**WHAT YOU NEED TO DO:** Any picture among the records should be left out, please; retype the rest exactly.

-*-

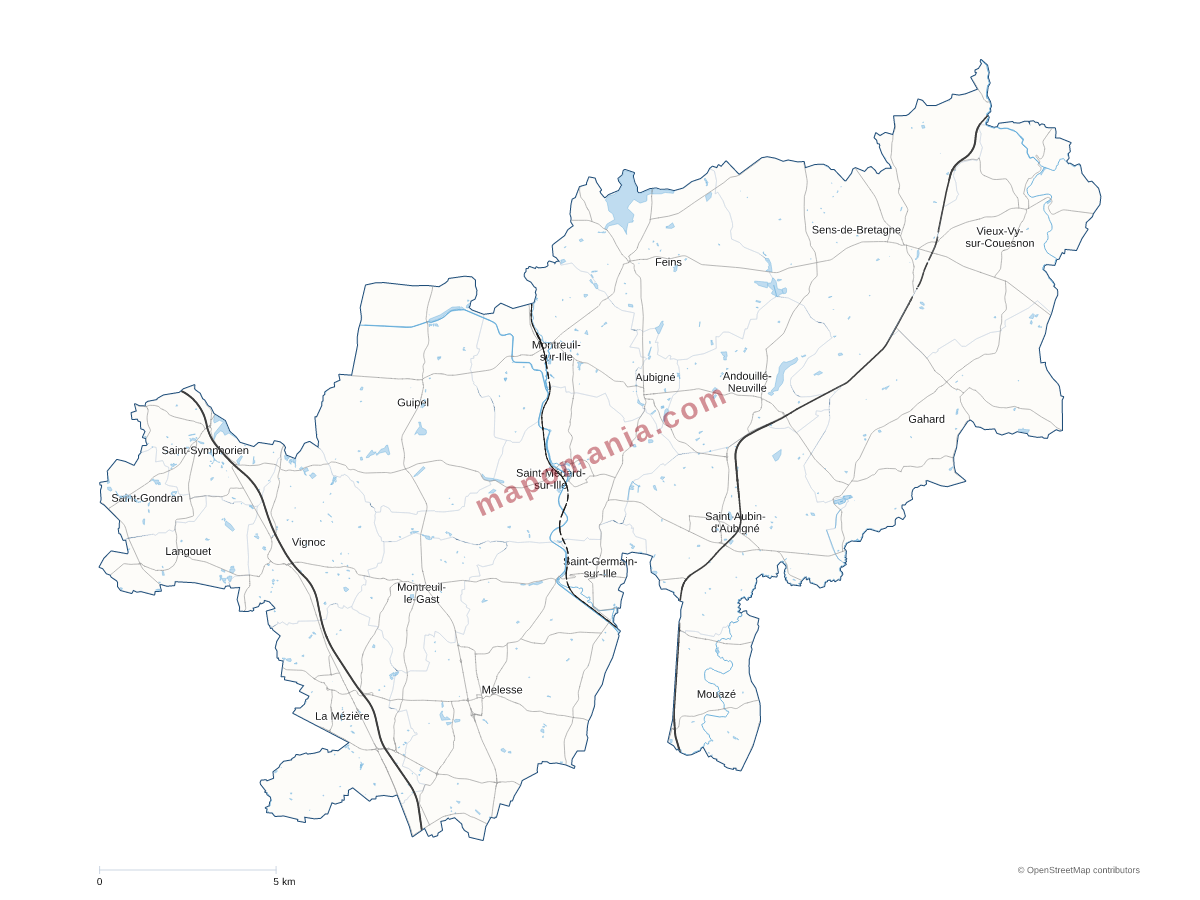 Carte de CC Val d'Ille-Aubigné à personnaliser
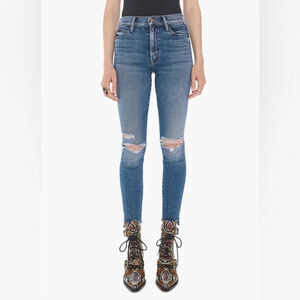MOTHER Jeans Sz 25 The Stunner Ankle  Graffiti Girl Distressed Buttonfly Jeans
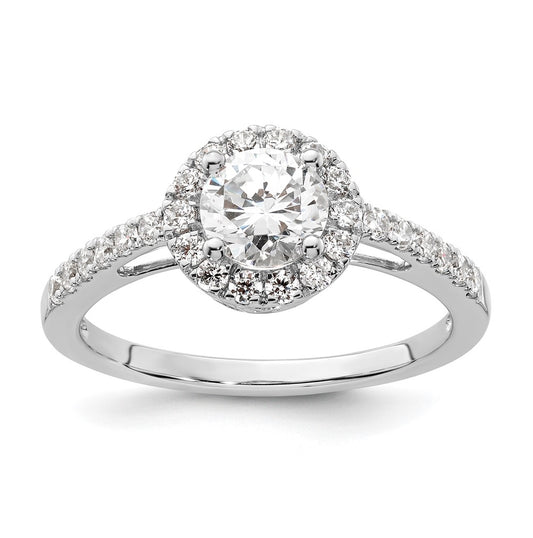 14K White Gold Halo Plus (Holds 3/4 carat (5.8mm) Round Center) 3/8 carat Diamond Semi-Mount Engagement Ring,  1.8 to 1.9 mm (tapered)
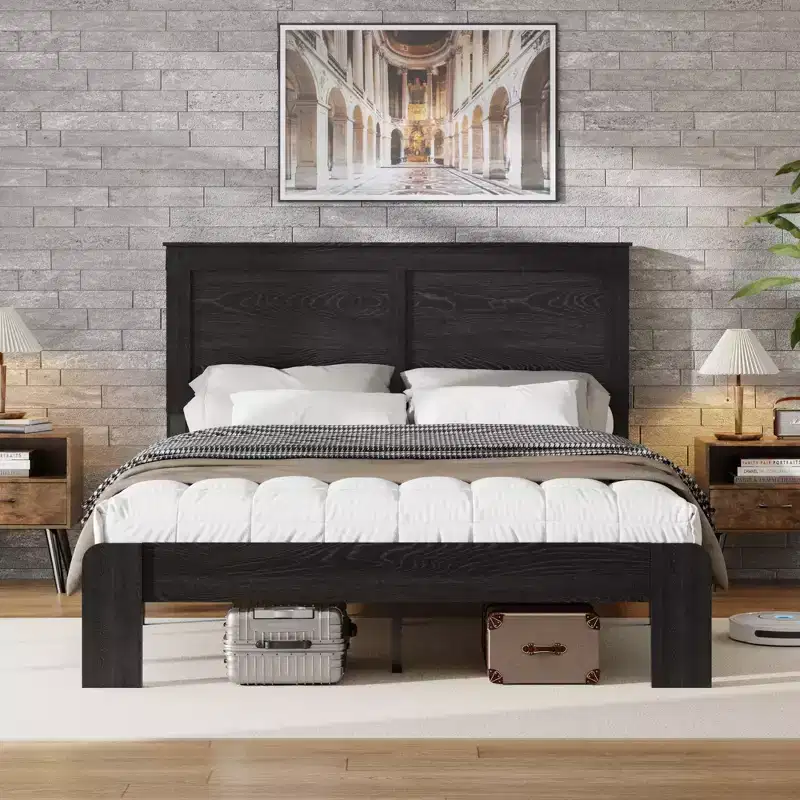 GDFStudio Rixa Industrial Wooden Platform Bed with Headboard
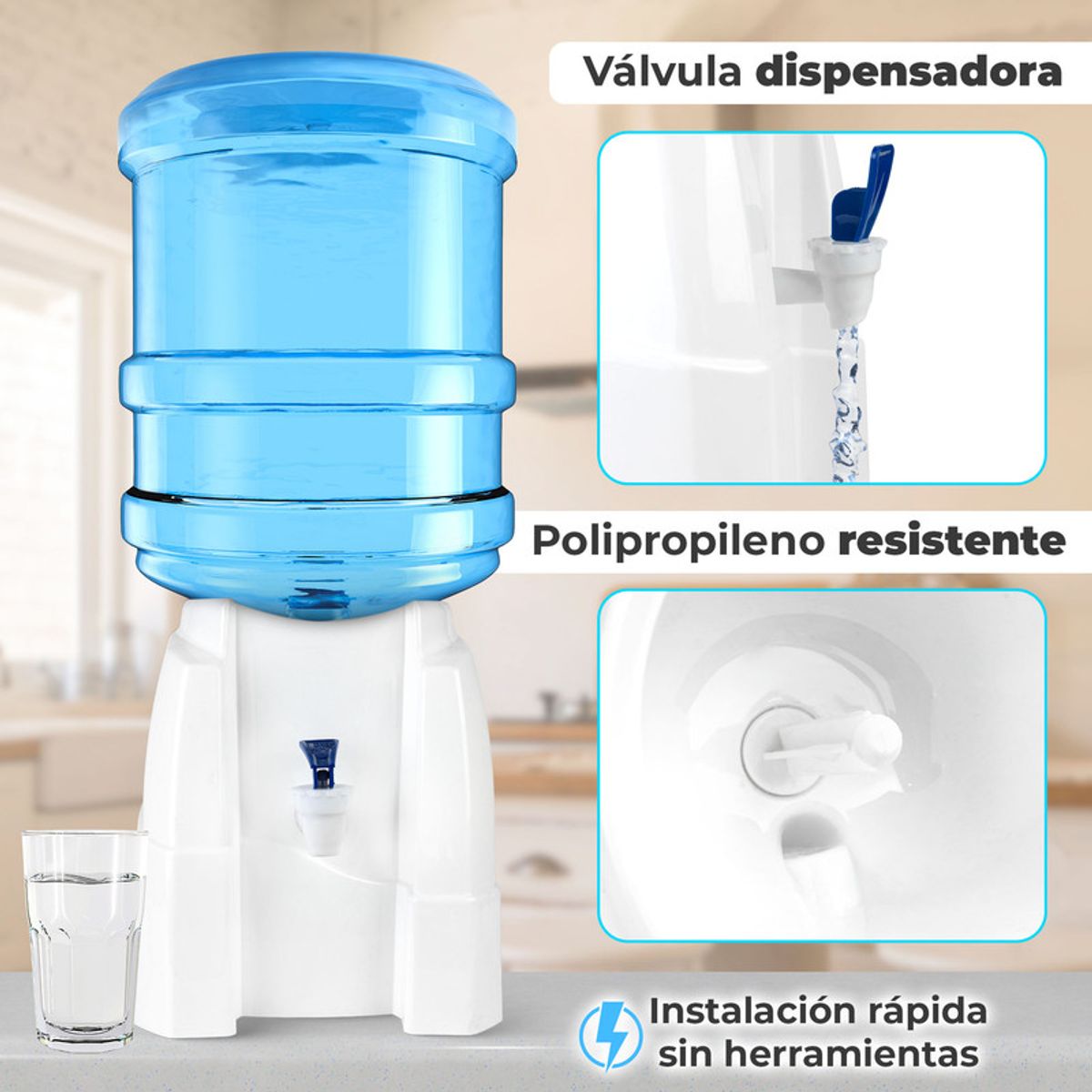 CHEF MASTER - Soporte Botellón Agua Plástico Válvula Dispensadora 5-20 L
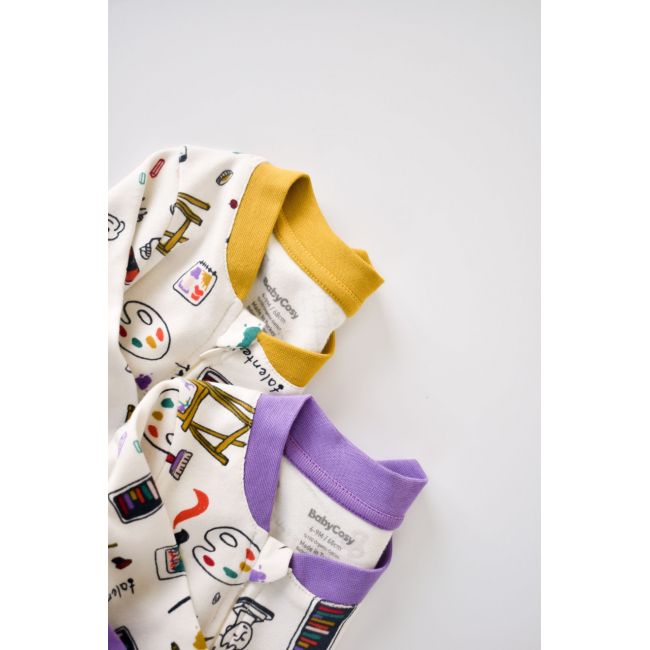 Set 2 salopetele cu maneca lunga si panataloni lungi cu fermoar - 100%bumbac organic - Galben si Mov, Baby Cosy (Marime: 3-6 Luni) JEMBC-CSY5808-3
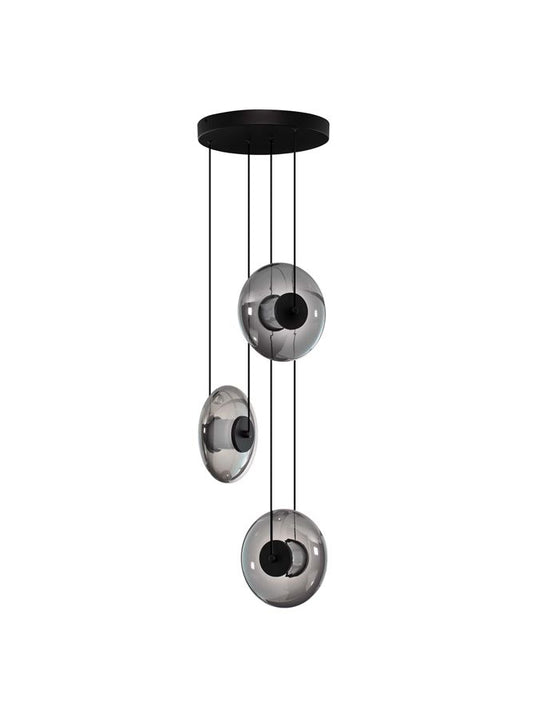 BAL Sandy Black Metal & Smoky Grey Glass 3 Light Multi-Pendant - ID 14593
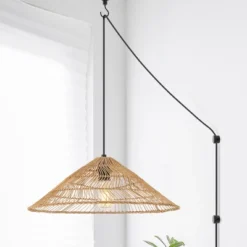 20.25" 1-Light Nova Farmhouse Coastal Rattan LED Pendant Brown - JONATHAN Y -Adesso Shop GUEST 8793ca34 0825 4951 85ea 4b5f5c9b5b33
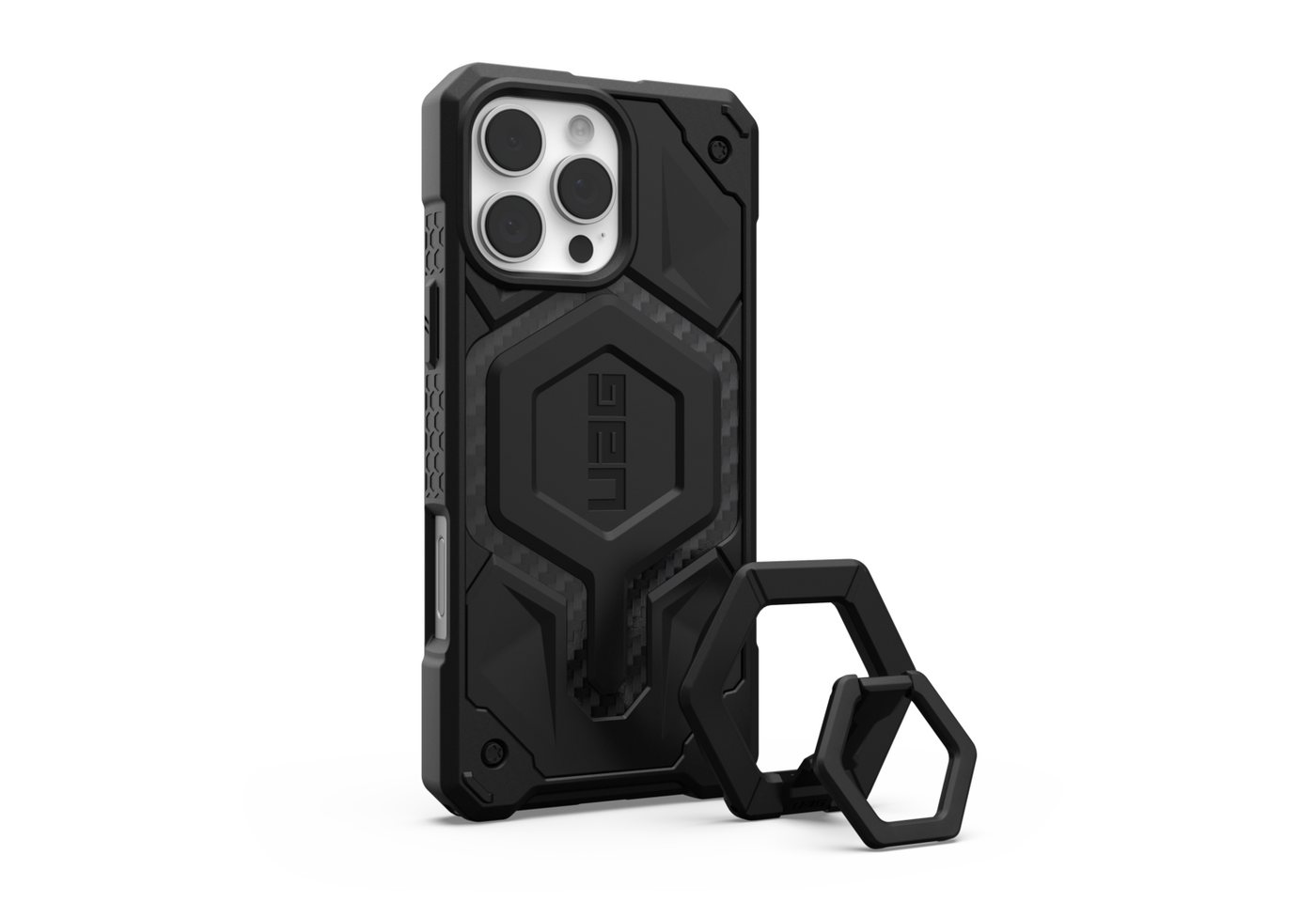 Urban Armor Gear Smartphone-Hülle Monarch Pro & Magnetring - iPhone 16 Pro Max MagSafe Hülle, (MagSafe kompatibel, 5-Schichten Schutz, Extra starker Magnetring) von Urban Armor Gear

-*-

**WRITTEN SOLUTION:**
 Carte de CC Val d'Ille-Aubigné à personnaliser
MOTHER Jeans Sz 25 The Stunner Ankle  Graffiti Girl Distressed Buttonfly Jeans
 14K White Gold Halo Plus (Holds 3/4 carat (5.8mm) Round Center) 3/8 carat Diamond Semi-Mount Engagement Ring,  1.8 to 1.9 mm (tapered)
 GDFStudio Rixa Industrial Wooden Platform Bed with Headboard
 CHEF MASTER - Soporte Botellón Agua Plástico Válvula Dispensadora 5-20 L
 Set 2 salopetele cu maneca lunga si panataloni lungi cu fermoar - 100%bumbac organic - Galben si Mov, Baby Cosy (Marime: 3-6 Luni) JEMBC-CSY5808-3
 BAL Sandy Black Metal & Smoky Grey Glass 3 Light Multi-Pendant - ID 14593
 20.25" 1-Light Nova Farmhouse Coastal Rattan LED Pendant Brown - JONATHAN Y -Adesso Shop GUEST 8793ca34 0825 4951 85ea 4b5f5c9b5b33
 Urban Armor Gear Smartphone-Hülle Monarch Pro & Magnetring - iPhone 16 Pro Max MagSafe Hülle, (MagSafe kompatibel, 5-Schichten Schutz, Extra starker Magnetring) von Urban Armor Gear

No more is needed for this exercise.